Hundreds of teachers leaving Wake schools; pay cited
Posted April 17, 2014
Raleigh, N.C. — More than 600 teachers of the almost 9,000 employed by the Wake County Public School System left their jobs between July 1, 2013, and April 9, school leaders said Thursday.
“Teachers in Wake County have been leaving their jobs mid-year at a greater rate than in years past," Assistant Superintendent Doug Thilman said. "Given the flat pay scale over the past few years, the recent legislated removal of both career status and higher pay for teachers with graduate degrees, increased teacher turnover has been expected.”
At a leisurely lunch Thursday afternoon, Melissa Taylor cited the same financial pressures as the reason she left her job at Laurel Park Elementary School. Taylor's last day was March 17.
She gave her employers a month's notice and copied her letter of resignation to the local media. It used words like "absolute disrespect" and "heartbreaking."
"We are failing our students, our teachers and our future," she wrote.
Taylor, who has a master's degree, said after 13 years in the classroom, seven of them without a raise, she could no longer make ends meet.
"The opportunity came up for something else. To take a chance of not finding something at the end of the year was too big a chance," Taylor said.
So she made the heart-breaking decision to leave the career she loved. "I was told many times that I was born to be a teacher," she said.
Her leaving and her letter resonated through the education community.
"I had many teachers, not just from my school, but other schools just write me and thank me," she said.
Taylor took a job at a software company where she is able to cover her bills, take a lunch hour and no longer has a second job.
"I worked through my lunch every day when I was teaching," she said. "It was about 20 minutes."
Still, she loved teaching and cried when she left.
Thilman pointed out that it is common for teachers to leave their jobs as the traditional school year ends, but that spike has yet to occur this year. "We typically see a spike in teacher resignations in June and July," he said. "The data we have does not yet capture that increase."
Wake County has historically had a lower-than-average rate of teacher turnover compared to other districts in the state, leaders said, but that rate, about 12 percent in 2012-13, was expected to climb in 2013-14.

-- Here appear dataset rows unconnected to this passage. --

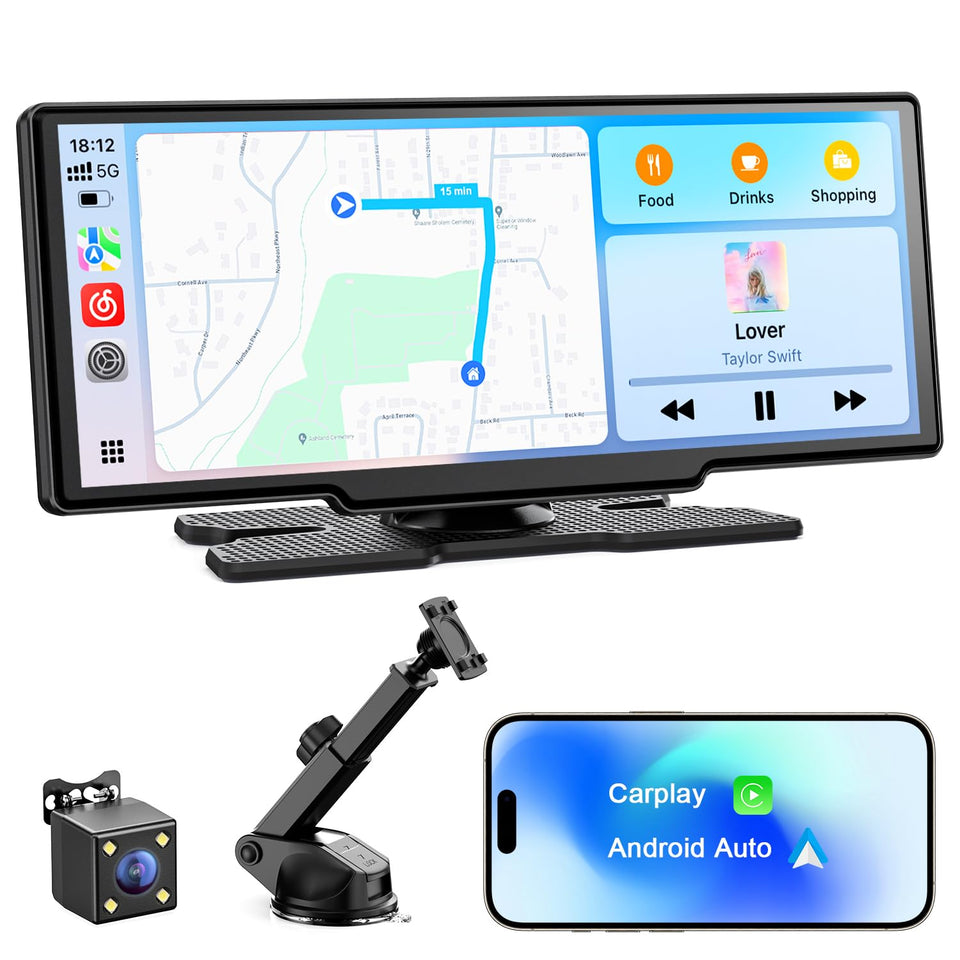 Avylet front display showing home screen and clear navigation benefit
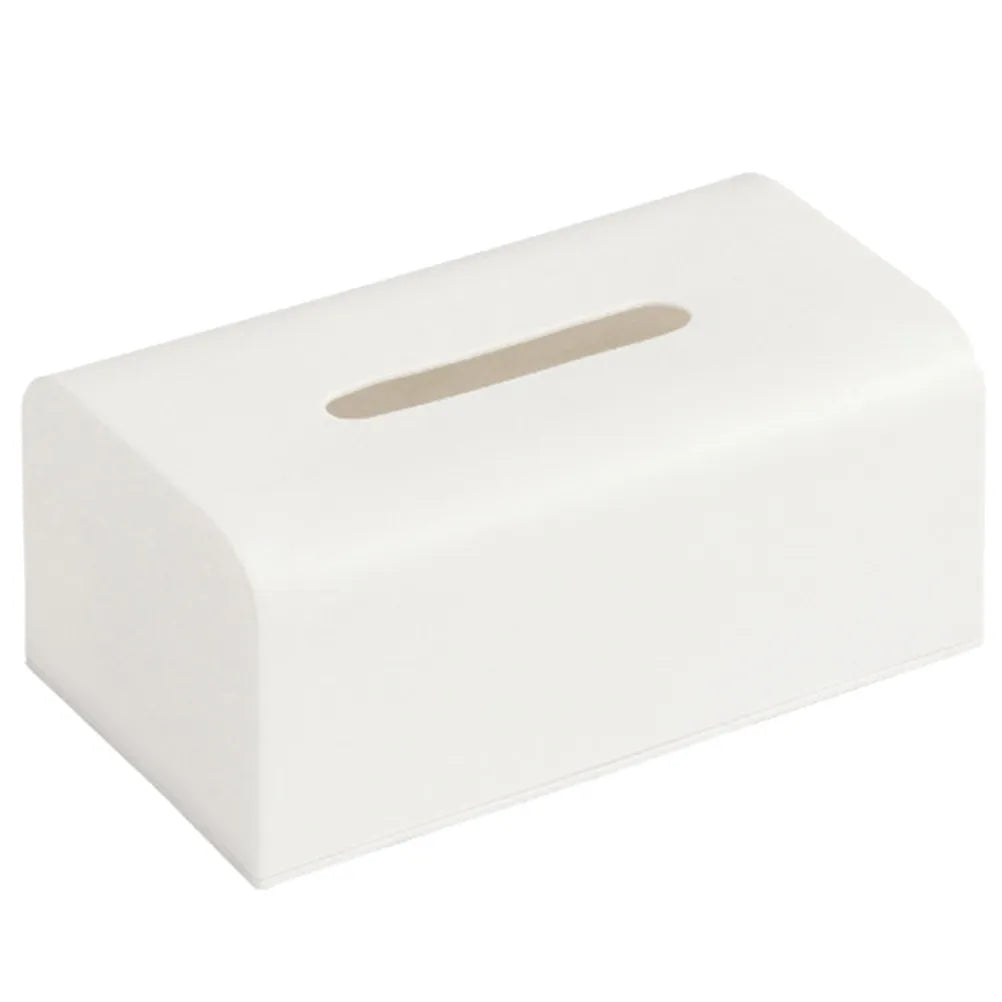 Large White Paper Storage Box Heavy Duty Plastic Tissue Case Elegant Zpaxo White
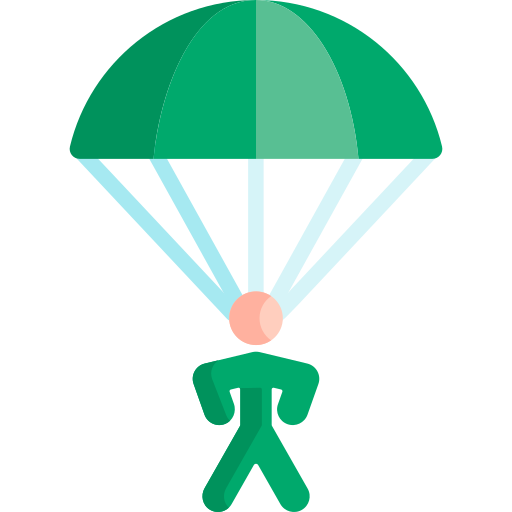 parachutist Special Flat icoon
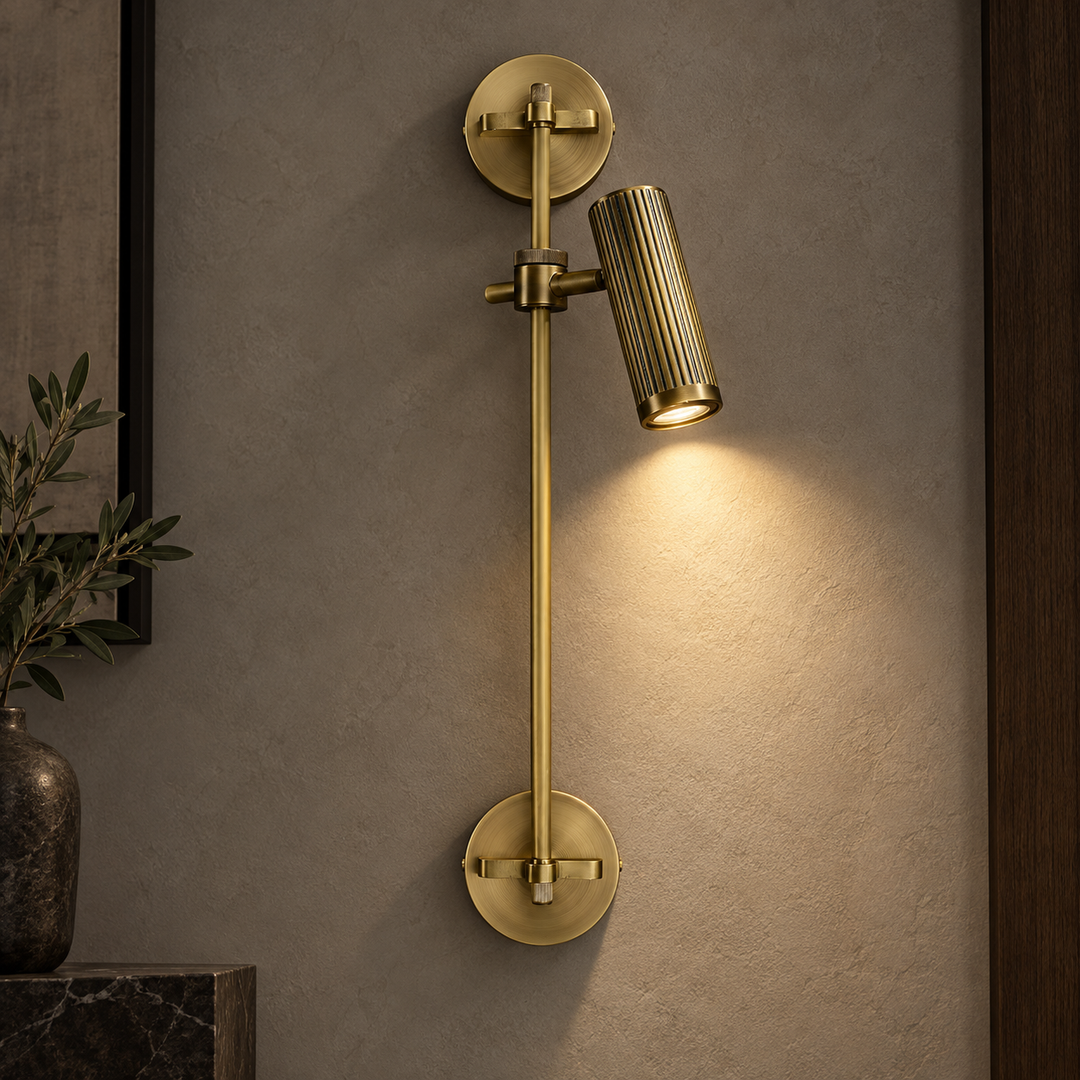 Modern Wall Light Adjustable Wall Mounted Metal LED Fixture for Contemporary Spaces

Along with a news conference Thursday afternoon at Underwood GT Magnet Elementary School, Wake school leaders released a list of the reasons teachers gave for their departure.
Jacqueline Jordan, principal at Underwood, listed teachers from her school who had left the profession because of the financial pinch.
"If we're losing teachers, what's happening in other communities around the state that do not have the same level of support from the county or the beautiful facilities?" Jordan asked.
That pinch has forced Tracy and Britt Morton, both teachers, to consider other options. They are moving to Georgia for better pay.
"We have go to make changes now," said Britt Morton, a teacher at Apex High School. "We can't wait. And that's why we are having to leave."
The Wake County Board of Education has proposed a budget which would seek an additional $39 million from county commissioners to fund an across-the-board raise of 3.5 percent for teachers and staff.
Wake schools’ average teacher salary is $45,512 while the national average is $56,383, the district said.
"We are not just begging the government for more money, we are talking about a critical shortage of teachers and a lack of respect for the profession of teachers," school board vice-chairman Tom Benton said.
Taylor now uses her freedom from teaching to give voice to those still in it.
"I feel I still have a fight. I'm not done fighting," she said.